Wie auch Lomellini betont, war die italienische Vorgangsweise keineswegs ein Einzelfall: Schon 1970 soll ein Stillhalteabkommen zwischen der PLO und der Schweiz geschlossen worden sein. Frankreich verfolgte bis in die 1980er Jahre eine sogenannte Schutzhafendoktrin, die dem Land zumindest in den Jahren 1974 bis 1981 einen Waffenstillstand mit dem internationalen Terrorismus ermöglichte. Österreich gewährte der PLO im Gegenzug als erster westlicher Staat 1980 politische Anerkennung und förderte ähnlich wie Italien die Dialogbereitschaft des moderaten Flügels. Ebenso hofierte Bundeskanzler Bruno Kreisky Gaddafi und lud diesen 1982 zu einem Staatsbesuch ein. Auch die Bundesrepublik Deutschland suchte in den Jahren nach dem Olympiaanschlag von 1972 nach Wegen, von weiterem Terror verschont zu bleiben. Später bemühte sich das Bundeskriminalamt um Unterstützung des PLO-Geheimdiensts bei der Fahndung nach deutschen Linksterroristen im Nahen Osten. Selbst die USA bekamen 1973 die Zusage, dass die PLO künftig keine Angriffe mehr auf US-Bürgerinnen und -Bürger unternehmen werde.
Solche informellen Deals funktionierten freilich nur gewisse Zeit. Der internationale Terrorismus wandelte sich in den 1980er Jahren. Mit Syrien und dem Iran traten neue Sponsoren auf den Plan, die sich der Hisbollah und der ANO bedienten. Gegen deren Aktivitäten boten die alten Abmachungen keinen Schutz mehr. Spätestens mit Ende des Kalten Kriegs und dem allmählichen Aufstieg des radikal-islamistischen Terrorismus begann überhaupt eine neue Phase, wo wieder das kategorische Nichtverhandeln beschworen wurde. Aber zuletzt hat das Doha-Abkommen 2020 zwischen der Trump-Regierung und den Taliban gezeigt, dass Regierungen weiterhin Schattendiplomatie anwenden, sofern Kompromissbereitschaft auf der Gegenseite vorhanden ist.

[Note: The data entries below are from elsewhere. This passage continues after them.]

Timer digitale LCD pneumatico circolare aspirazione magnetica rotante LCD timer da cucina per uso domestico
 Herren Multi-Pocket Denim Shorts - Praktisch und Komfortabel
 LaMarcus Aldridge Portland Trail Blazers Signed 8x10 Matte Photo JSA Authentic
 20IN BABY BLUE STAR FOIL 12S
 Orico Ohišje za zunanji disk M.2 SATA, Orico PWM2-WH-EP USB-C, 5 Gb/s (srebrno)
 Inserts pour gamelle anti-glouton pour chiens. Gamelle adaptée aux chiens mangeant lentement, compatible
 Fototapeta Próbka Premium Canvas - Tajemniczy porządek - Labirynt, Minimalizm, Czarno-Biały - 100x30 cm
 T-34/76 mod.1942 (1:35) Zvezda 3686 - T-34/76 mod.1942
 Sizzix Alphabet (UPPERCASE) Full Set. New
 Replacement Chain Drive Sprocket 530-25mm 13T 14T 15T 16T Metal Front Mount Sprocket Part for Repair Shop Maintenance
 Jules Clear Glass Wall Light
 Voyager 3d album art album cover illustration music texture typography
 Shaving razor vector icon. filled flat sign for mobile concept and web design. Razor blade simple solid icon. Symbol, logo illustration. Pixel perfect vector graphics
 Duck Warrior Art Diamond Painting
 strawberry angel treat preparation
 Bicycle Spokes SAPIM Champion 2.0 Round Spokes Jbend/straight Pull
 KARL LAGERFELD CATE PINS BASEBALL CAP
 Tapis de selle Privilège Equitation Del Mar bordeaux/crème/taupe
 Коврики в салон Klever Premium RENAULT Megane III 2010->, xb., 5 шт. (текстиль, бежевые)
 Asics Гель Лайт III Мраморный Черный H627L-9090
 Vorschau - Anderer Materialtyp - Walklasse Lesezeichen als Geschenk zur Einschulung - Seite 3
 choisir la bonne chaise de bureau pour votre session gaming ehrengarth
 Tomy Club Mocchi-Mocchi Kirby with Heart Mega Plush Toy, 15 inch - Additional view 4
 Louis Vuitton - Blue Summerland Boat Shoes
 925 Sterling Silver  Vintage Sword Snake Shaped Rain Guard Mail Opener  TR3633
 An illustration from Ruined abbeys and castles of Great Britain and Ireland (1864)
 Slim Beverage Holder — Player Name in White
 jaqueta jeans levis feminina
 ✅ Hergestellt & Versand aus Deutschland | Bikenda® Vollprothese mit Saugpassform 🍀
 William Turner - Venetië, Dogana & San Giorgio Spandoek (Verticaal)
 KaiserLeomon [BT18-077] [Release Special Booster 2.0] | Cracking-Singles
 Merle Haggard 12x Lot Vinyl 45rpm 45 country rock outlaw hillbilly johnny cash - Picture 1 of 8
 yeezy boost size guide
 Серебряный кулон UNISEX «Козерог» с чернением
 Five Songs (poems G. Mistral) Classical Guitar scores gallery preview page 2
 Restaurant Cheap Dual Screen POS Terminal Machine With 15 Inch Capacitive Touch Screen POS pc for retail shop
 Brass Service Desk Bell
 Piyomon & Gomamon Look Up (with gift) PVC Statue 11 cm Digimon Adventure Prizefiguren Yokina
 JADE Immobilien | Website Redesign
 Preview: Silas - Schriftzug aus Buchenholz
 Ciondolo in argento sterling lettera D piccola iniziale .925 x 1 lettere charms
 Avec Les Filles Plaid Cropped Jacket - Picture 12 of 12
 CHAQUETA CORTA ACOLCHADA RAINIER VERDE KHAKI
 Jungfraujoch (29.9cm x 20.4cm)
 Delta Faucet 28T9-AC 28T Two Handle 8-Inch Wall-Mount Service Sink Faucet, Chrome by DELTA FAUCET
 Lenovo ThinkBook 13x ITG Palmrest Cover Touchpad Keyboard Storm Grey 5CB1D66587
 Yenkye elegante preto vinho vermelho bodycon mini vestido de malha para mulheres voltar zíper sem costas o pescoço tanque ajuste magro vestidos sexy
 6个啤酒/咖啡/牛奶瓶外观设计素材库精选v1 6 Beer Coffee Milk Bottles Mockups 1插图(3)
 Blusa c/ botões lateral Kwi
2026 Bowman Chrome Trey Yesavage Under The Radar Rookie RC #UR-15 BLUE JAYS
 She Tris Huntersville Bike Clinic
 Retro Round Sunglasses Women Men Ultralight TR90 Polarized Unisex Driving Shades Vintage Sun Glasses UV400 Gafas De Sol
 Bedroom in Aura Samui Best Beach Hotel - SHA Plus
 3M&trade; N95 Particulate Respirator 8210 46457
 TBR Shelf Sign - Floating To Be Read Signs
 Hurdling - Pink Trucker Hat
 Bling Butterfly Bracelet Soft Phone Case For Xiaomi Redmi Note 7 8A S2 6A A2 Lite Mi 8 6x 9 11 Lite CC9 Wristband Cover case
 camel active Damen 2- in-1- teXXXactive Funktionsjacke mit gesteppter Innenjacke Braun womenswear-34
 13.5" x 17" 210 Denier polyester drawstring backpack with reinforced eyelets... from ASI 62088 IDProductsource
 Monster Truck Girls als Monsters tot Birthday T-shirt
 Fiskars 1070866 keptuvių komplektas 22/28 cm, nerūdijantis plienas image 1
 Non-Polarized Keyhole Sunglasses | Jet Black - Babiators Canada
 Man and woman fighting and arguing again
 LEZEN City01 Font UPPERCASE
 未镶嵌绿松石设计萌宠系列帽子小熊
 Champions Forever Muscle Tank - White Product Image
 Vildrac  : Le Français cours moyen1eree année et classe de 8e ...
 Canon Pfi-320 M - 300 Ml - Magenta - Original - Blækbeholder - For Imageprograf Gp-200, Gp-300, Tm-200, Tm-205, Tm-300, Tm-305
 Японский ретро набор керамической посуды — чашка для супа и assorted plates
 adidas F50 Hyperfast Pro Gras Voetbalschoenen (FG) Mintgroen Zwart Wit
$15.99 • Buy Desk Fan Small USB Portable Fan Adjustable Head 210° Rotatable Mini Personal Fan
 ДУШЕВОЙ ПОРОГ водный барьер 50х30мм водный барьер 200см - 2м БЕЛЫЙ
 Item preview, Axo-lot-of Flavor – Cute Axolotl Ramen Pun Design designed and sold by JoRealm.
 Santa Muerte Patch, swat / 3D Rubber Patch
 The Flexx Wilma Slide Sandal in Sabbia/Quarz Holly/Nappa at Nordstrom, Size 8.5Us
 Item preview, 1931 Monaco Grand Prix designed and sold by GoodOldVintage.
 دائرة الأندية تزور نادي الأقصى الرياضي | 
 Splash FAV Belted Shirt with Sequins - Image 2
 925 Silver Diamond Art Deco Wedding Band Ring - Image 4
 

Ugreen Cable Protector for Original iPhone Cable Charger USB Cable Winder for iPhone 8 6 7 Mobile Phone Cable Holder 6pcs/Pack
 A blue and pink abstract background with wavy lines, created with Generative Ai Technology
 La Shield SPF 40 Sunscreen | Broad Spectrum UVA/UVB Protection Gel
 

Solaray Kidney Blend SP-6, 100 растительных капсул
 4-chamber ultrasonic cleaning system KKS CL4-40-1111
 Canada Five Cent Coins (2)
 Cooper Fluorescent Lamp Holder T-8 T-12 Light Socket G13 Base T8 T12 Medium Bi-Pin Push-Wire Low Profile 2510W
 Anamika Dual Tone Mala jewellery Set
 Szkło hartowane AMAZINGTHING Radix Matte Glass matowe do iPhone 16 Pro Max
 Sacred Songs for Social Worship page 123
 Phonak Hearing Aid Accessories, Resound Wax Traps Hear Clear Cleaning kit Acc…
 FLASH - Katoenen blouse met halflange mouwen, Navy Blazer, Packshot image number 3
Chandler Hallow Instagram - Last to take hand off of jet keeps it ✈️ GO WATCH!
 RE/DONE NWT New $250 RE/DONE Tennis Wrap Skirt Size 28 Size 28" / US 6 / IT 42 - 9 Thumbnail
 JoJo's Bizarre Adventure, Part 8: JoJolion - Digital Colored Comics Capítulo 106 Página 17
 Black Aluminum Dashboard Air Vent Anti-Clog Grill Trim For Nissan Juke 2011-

Der Preis dafür ist natürlich hoch. Lomellini hält fest, dass die Staatsraison das "Lodo" notwendig gemacht habe, aber gleichzeitig die Strafverfolgung von terroristischen Verbrechen untergrub. Ein weiterer negativer Aspekt kommt dagegen zu kurz, nämlich dass Stillhalteabkommen dazu führen, Terrorakte in anderen Ländern zu ermöglichen und zu fördern. Selbst die angestrebte Mäßigung der PLO kam zwischenzeitlich immer wieder ins Stocken, vor allem weil die Organisation weiterhin Anschläge in Israel beging und dessen Existenzrecht erst 1993 anerkannte.
Die Langzeitfolgen der Appeasement-Strategie müssen erst bewertet werden, so Lomellini. Ob und in wie weit auch der radikal-islamistische Terror des 21. Jahrhunderts Schlüsse aus dieser "Diplomatie des Terrors" (222) gezogen habe, sei eine offene Frage, die weiterer Forschung bedürfe.
Zusammengefasst handelt es sich bei "The Italian State and International Terrorism" um eine gut lesbare Studie, die einen wichtigen Beitrag zum Verständnis der 1970er und 1980er Terrorjahre leistet. Das ist insbesondere ein Gewinn, weil gerade hinsichtlich der Betrachtung der italienischen Ereignisse im deutschsprachigen Raum Verschwörungstheorien und Verzerrungen immer noch eine große Rolle spielen.
Anmerkung:
[1] Vgl. Tobias Hof: The Lodo Moro: Italy and the Palestinian Liberation Organization, in: Terrorism, Vol. II: State Support in the West, Middle East and Latin America, ed. by Adrian Hänni / Thomas Riegler / Przemysław Gasztold, London 2020, 153-173.